## [WORK INSTRUCTIONS]
One number is the whole answer: how many lines of the records include "photo".

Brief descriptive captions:
[Start of Attachment]

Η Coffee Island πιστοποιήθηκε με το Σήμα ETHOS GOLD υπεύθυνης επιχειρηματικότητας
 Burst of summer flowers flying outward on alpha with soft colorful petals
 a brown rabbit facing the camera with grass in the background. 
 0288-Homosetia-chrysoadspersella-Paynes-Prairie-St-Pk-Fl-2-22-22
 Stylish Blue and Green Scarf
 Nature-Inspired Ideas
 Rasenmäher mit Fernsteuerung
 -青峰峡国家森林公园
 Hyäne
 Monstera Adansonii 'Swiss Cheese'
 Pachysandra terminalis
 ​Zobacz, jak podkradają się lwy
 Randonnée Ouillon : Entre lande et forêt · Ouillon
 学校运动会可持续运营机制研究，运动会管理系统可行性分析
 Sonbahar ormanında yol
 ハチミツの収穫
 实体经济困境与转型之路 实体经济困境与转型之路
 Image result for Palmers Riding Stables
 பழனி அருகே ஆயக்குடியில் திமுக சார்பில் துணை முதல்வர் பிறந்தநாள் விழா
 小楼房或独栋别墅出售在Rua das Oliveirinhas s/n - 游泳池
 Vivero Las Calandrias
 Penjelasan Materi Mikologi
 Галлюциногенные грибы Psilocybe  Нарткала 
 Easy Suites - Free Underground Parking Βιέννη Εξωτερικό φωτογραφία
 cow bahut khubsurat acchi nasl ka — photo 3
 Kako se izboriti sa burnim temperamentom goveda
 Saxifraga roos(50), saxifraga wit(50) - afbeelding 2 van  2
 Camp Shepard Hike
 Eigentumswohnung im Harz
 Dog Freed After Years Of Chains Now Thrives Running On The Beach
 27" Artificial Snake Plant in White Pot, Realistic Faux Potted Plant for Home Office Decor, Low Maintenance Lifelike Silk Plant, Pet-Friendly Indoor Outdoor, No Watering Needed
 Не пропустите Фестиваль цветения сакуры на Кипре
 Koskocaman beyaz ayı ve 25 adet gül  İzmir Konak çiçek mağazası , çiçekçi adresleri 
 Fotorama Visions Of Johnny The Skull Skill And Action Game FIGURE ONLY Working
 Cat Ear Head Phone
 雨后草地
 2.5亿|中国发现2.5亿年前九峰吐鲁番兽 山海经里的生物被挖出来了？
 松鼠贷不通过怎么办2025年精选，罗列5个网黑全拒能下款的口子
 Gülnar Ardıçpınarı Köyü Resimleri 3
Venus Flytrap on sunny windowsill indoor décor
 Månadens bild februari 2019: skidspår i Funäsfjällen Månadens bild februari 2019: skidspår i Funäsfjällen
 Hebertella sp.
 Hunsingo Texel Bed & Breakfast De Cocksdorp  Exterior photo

[End of Attachment]

## [ANSWER BELOW]
2